Et vous pourriez répondre :
« nous, prêtres, pas question d’accepter de telles propositions, même si nous y avons cédé pendant des siècles ! Nous ne voulons plus nous approprier des pouvoirs qui sont à tous ».
Satan va essayer autrement de vous tenter ! Voilà qu’en cette pleine période des scandales de l’Église (sexe, pouvoir, argent), Satan, devant une immense foule assemblée, à nouveau, vous provoque :
« Vous qui vous dites représentants du Christ, si vous voulez, vous pouvez continuer de jouir d’influence et d’autorité sur le plus grand nombre de ces humains. N’est-ce pas extraordinaire quand vous les voyez suspendus à vos lèvres ? N’est-ce pas grisant de vous proclamer experts en humanité, détenteurs de la vérité et de l’erreur, spécialistes de ce que Dieu veut ou ne veut pas ? … »

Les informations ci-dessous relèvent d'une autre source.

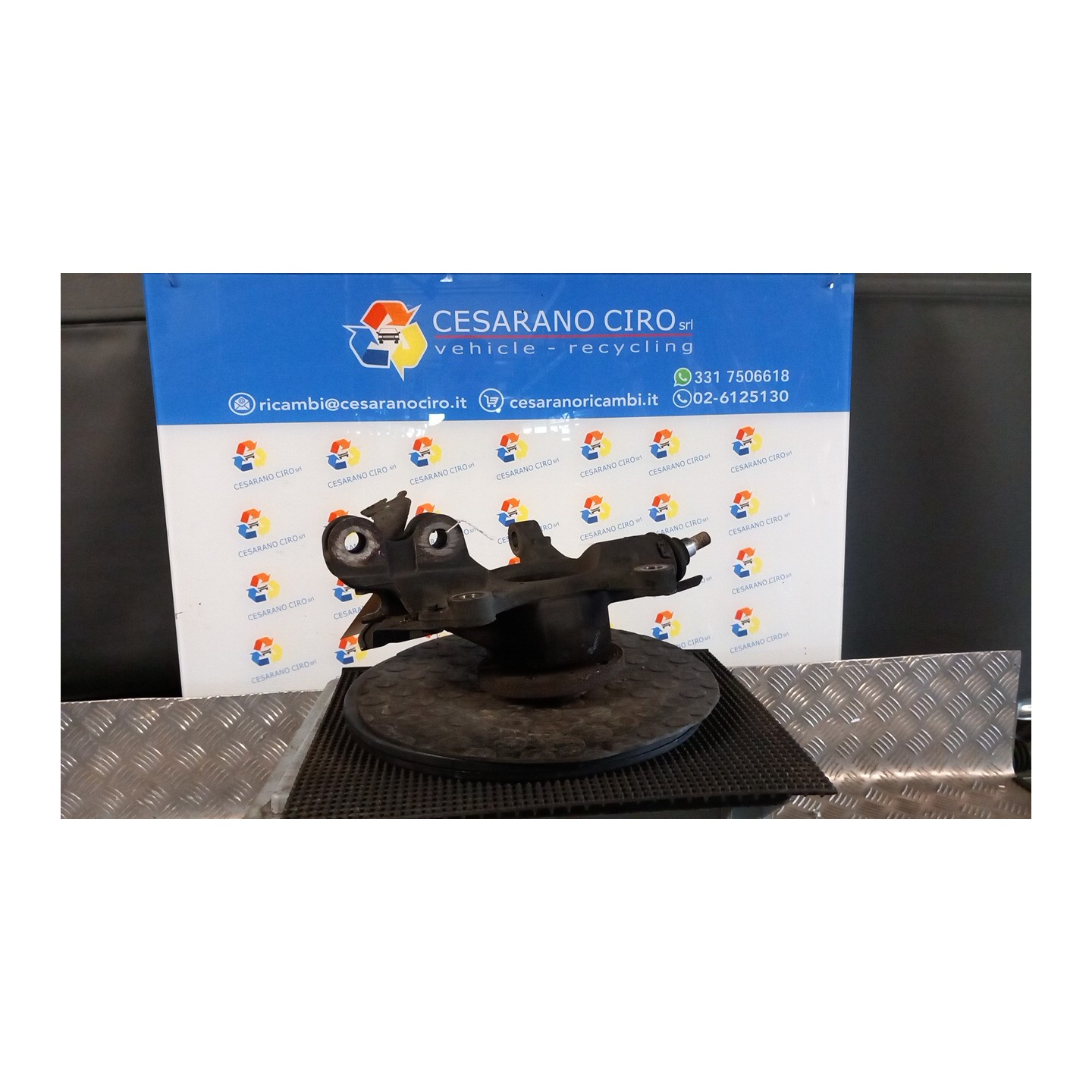 MONTANTE SOSP. ANT. C/MOZZO/CUSCINETTO DX. 016 OPEL VIVARO (K0) (03/19-) YH01 1617969380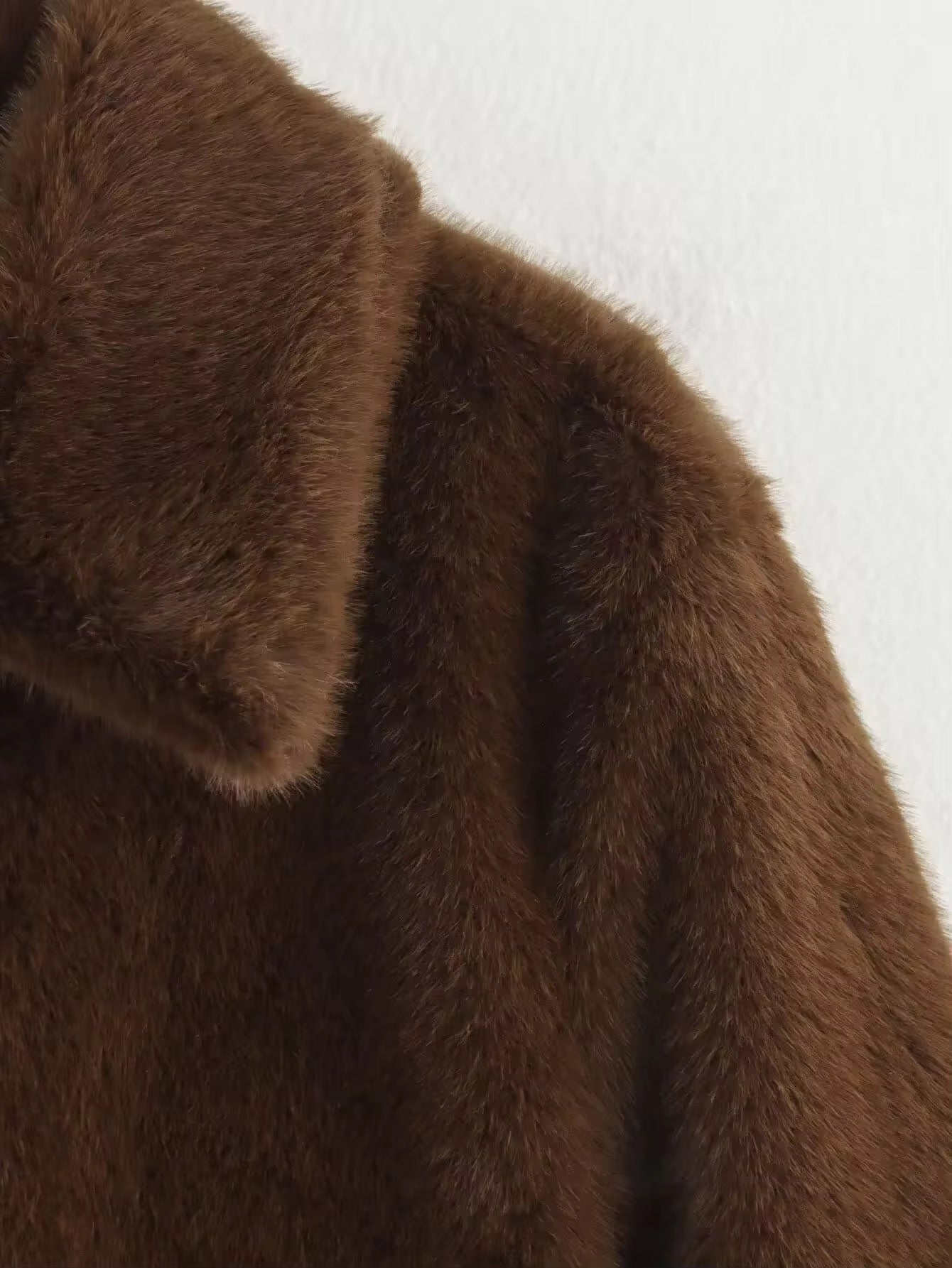 VESTE COURTE EFFET FOURRURE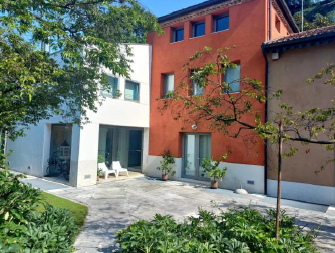 Rif. A.A.214-231

Vendita all'asta - abitazione bifamiliare su 3 livelli in data 04 febbraio 2026...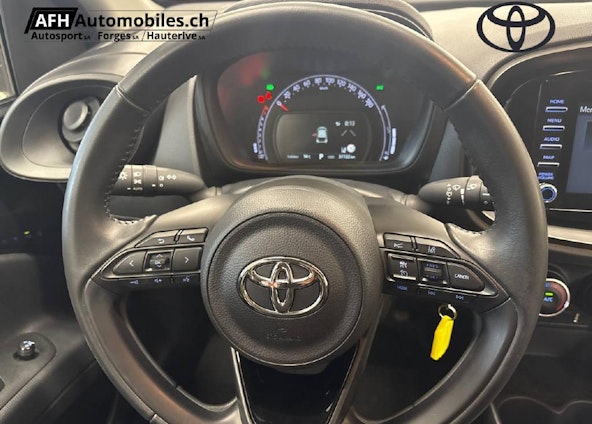 Vehicle image 10 Vehicle image 10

Et vous de répondre à ce Satan séducteur :
« tu n’as rien compris ! Nous nous sommes peut-être beaucoup laissés séduire par toutes ces grandeurs et ces pouvoirs, mais cette fois, Satan, tu ne nous auras pas ! Nous ne sommes pas institués pour dominer, ni pour écraser les autres de notre supériorité, nous sommes là pour servir, pour mettre en lien, pour permettre à chaque femme et chaque homme de croire en eux, et d’être debout ! avec tous les baptisés nous sommes en route… comme tous les humains, pas plus et pas moins ! »

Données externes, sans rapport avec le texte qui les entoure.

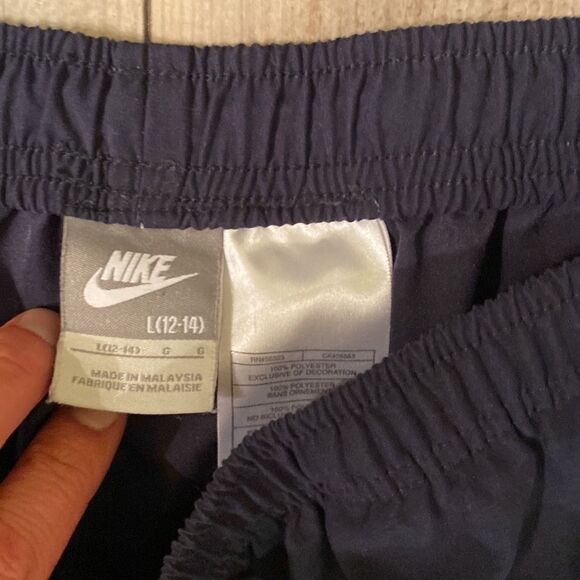 Nike Women’s Navy Blue Windbreaker Capris Size Large 12-14 - Picture 2 of 8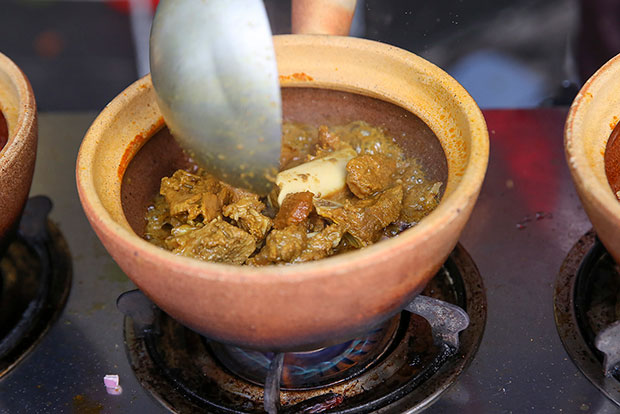 即点即煮的瓦煲咖哩在上桌时，绝对是热腾腾兼香味四溢呢。-Choo Choy May摄-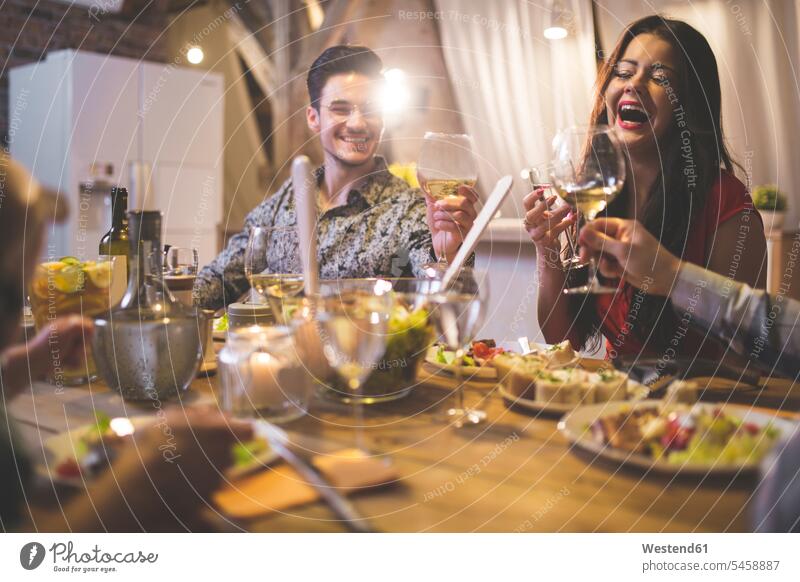 Familie und Freunde beim Essen, Essen, Trinken, Spaß haben Familien essen essend genießen geniessen Genuss trinken feiern Abendessen Mensch Menschen Leute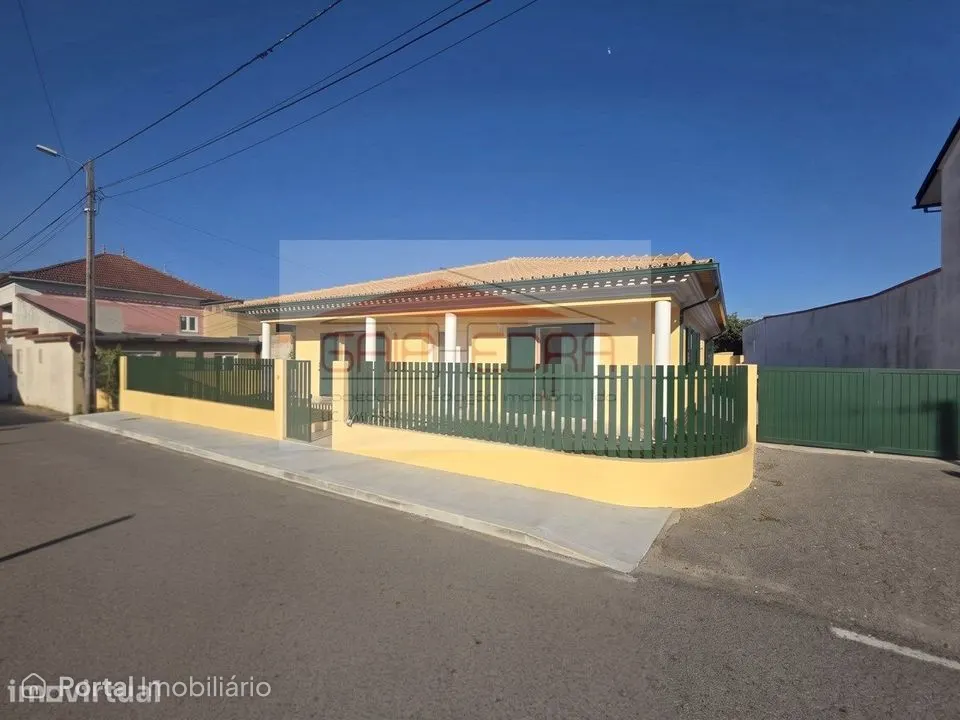 Vivenda térrea Oliveira do Bairro 722 m2 terreno e grande anexo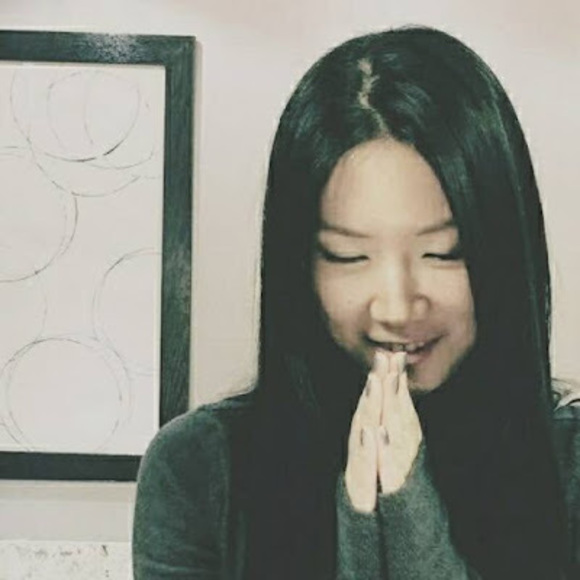 Profile Picture of Fuyuan Wang (@emmm987) on Poshmark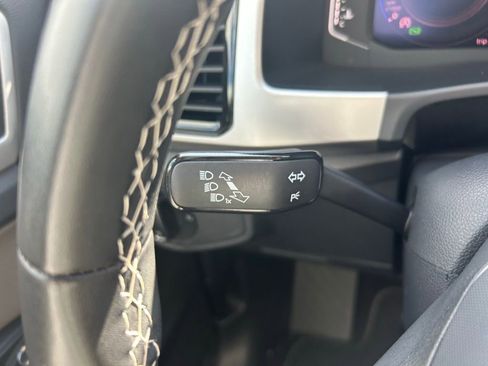 Certified 2023 Volkswagen Atlas SE w/ Black Wheel Package image 24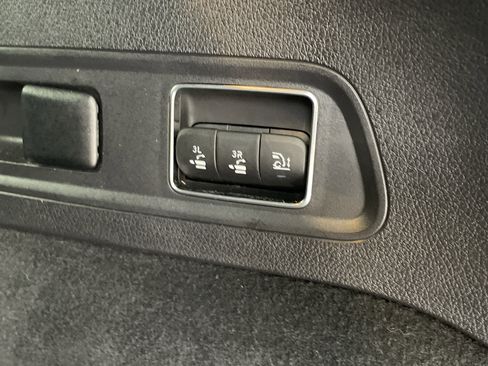 Certified 2025 Mercedes-Benz GLS 63 AMG 4MATIC image 12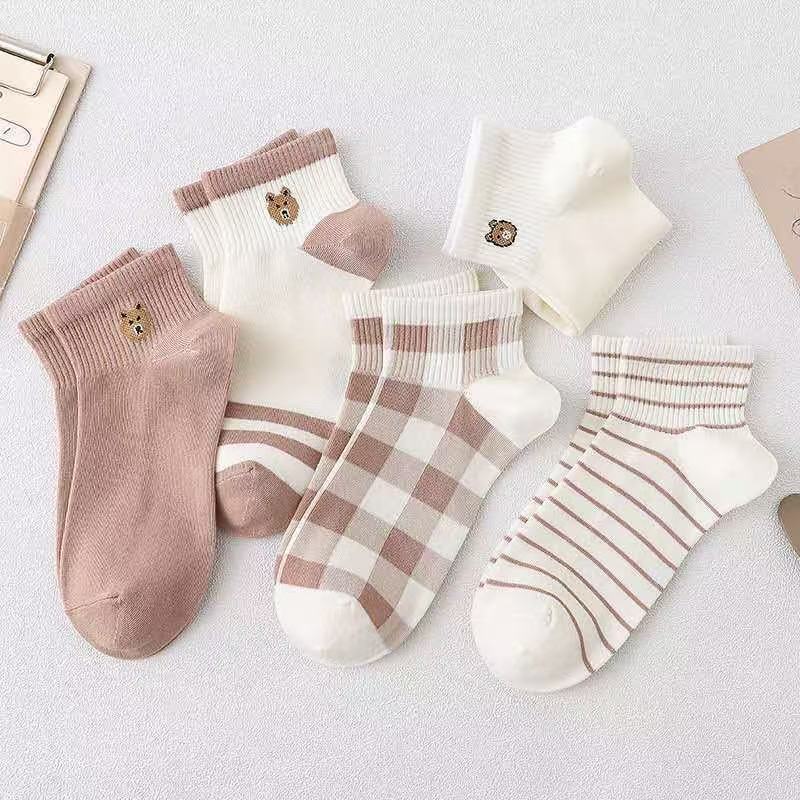 Calcetines invisibles de primavera y verano, blancos de mujer, todo fósforo, viajes diarios, calcetines de cintura baja, calcetines de barco, calcetines al por mayor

Une fois encore Satan ne se résout pas à la défaite ! Et il susurre au fond de vos cœurs de prêtres :
« mais vous qui vous dites signes du Christ tête, ne voudriez-vous pas continuer à bénéficier des privilèges et des honneurs attribués à votre statut ? n’avez-vous plus soif du respect admiratif, servile même parfois, dû à votre charge ? n’est-ce pas grisant cette écoute et cette obéissance craintive ou résignée de tous ces baptisés ? Et votre autorité, et le faste, et la considération, ne serait-ce pas bien frustrant d’y renoncer ? N’avez-vous pas très envie et plaisir et fierté de continuer à en profiter ? »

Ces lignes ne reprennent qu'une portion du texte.